Three films about Blair had been planned since The Deal. Morgan had considered writing a film about Blair during the run-up to the 2003 invasion of Iraq as the subject matter for both the second and third film. He eventually decided to do a film about the special relationship between the United Kingdom and the United States, specifically Blair's differing relationship with Clinton and George W. Bush. Harries said that Morgan believed the transition from Clinton's to Bush's presidency was a "pivotal moment" in the special relationship. Morgan decided to narrow down the scope of the film to just Blair and Clinton, since he believed people tended to have forgotten about the state of politics prior to the September 11 attacks, a time that was "really, really interesting". Langan believed that Morgan found Clinton to be "a more interesting study than Bush" and that New Labour aped the Clinton administration at its inception. Morgan began his research into the Blair/Clinton relationship after learning that the two had been alone together when Al Gore conceded defeat after the 2000 presidential election. His research took him to Washington, D.C., where he interviewed members of Clinton's cabinet, and Clinton's hometown of Little Rock, Arkansas.

In late 2008, Kathleen Kennedy signed on as an executive producer. Ann Wingate, Frank Doelger and Tracey Scoffield are producers, and Andy Harries, Christine Langan and Kennedy are executive producers. HBO Films is producing, with co-production funding coming from BBC Films. Morgan signed on to direct the film—making his directorial debut—as the director of The Deal and The Queen Stephen Frears was "Blaired out". In June 2009, shortly before filming began, Morgan pulled out of directing the film. Morgan's agent told a Daily Telegraph diary that Morgan wanted to concentrate on writing and producing, but did not rule out directing in future. Costumes were designed by Consolata Boyle, whose work on The Queen won acclaim and awards. After a week of read-throughs and rehearsals, filming began on 20 July 2009 and ran until 4 September. Filming locations included Langley Park, the Emirates Stadium and the Westminster Central Hall. Brocket Hall and the Loseley Park mansion doubled as Chequers, the Prime Minister's country retreat. Scenes set in the Oval Office were filmed on a set built on E Stage at Pinewood Studios. E Stage also housed a recreation of the White House gardens and colonnade outside the Oval Office. Several other locations were used, in conjunction with the UK Film Council's regional agencies Film London, Screen East, and Screen South.

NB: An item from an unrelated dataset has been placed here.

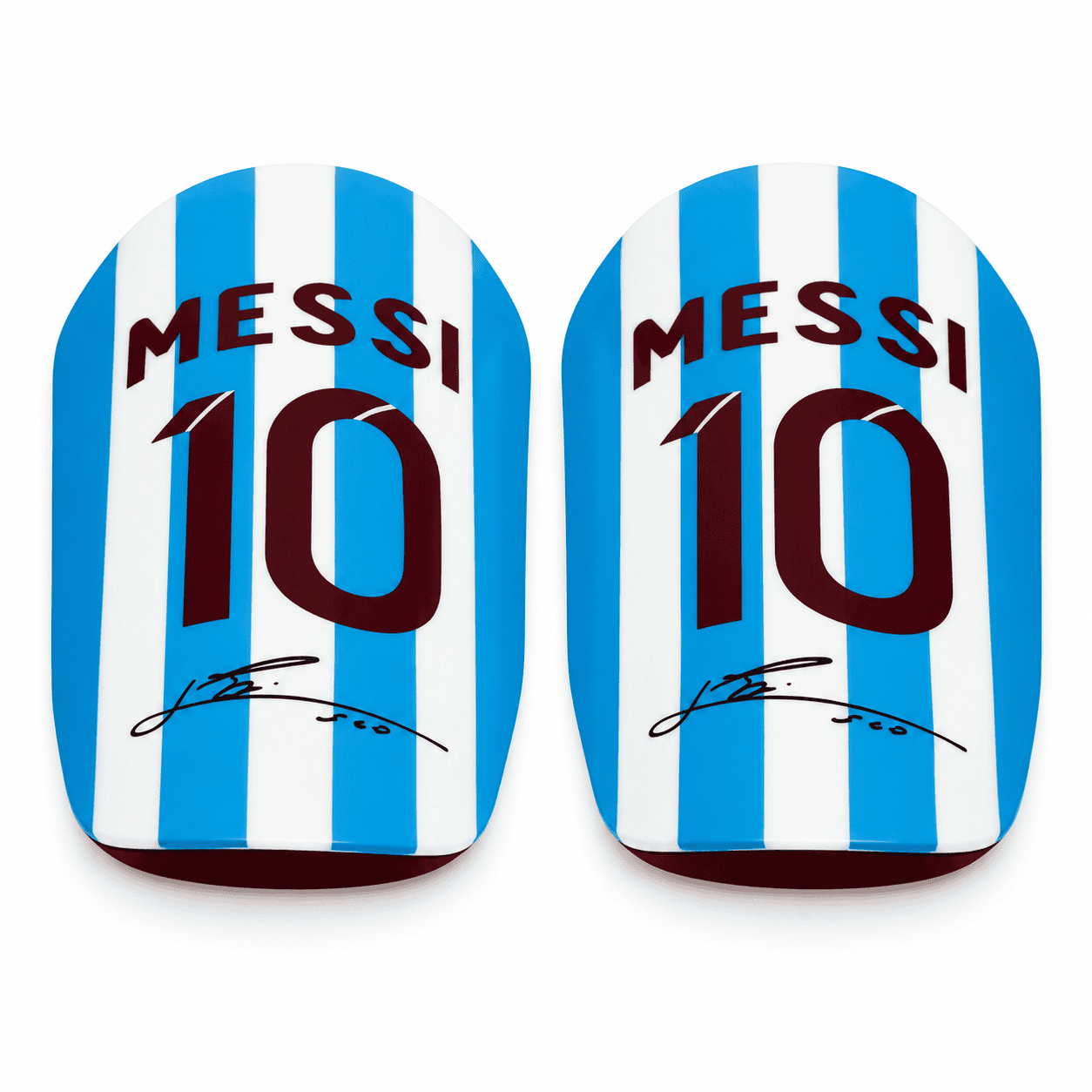 Messi 10 Argentina Shin Guards Pair - UAE SPORT STORE Lionel Messi Argentina Bundle - shin guards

Loncraine continued directing pick-ups into October; background scenes were shot in Washington, D.C., on locations including Pennsylvania Avenue and Constitution Avenue. During post-production, cinematographer Barry Ackroyd created two versions of the film with different aspect ratios; one has a 16:9 aspect for broadcast on HBO in the United States, and the other has a 1: 2.35 aspect for worldwide theatrical release. After filming the cinema version in the larger format, Ackroyd trimmed the picture for the television version using a pan and scan technique. The film's score was composed by Alexandre Desplat, who also worked on the music for The Queen. Final post-production mixing was carried out at Twickenham Film Studios, and was scheduled for completion in the second week of March 2010.

== Release ==
In the United States and Canada, HBO first broadcast the film on 29 May 2010. Roadshow Films released the film theatrically in Australia on 5 August 2010 after acquiring the rights at the 2009 Cannes Film Festival. The film debuted at eighth position at the box office in its opening weekend, taking $169,214.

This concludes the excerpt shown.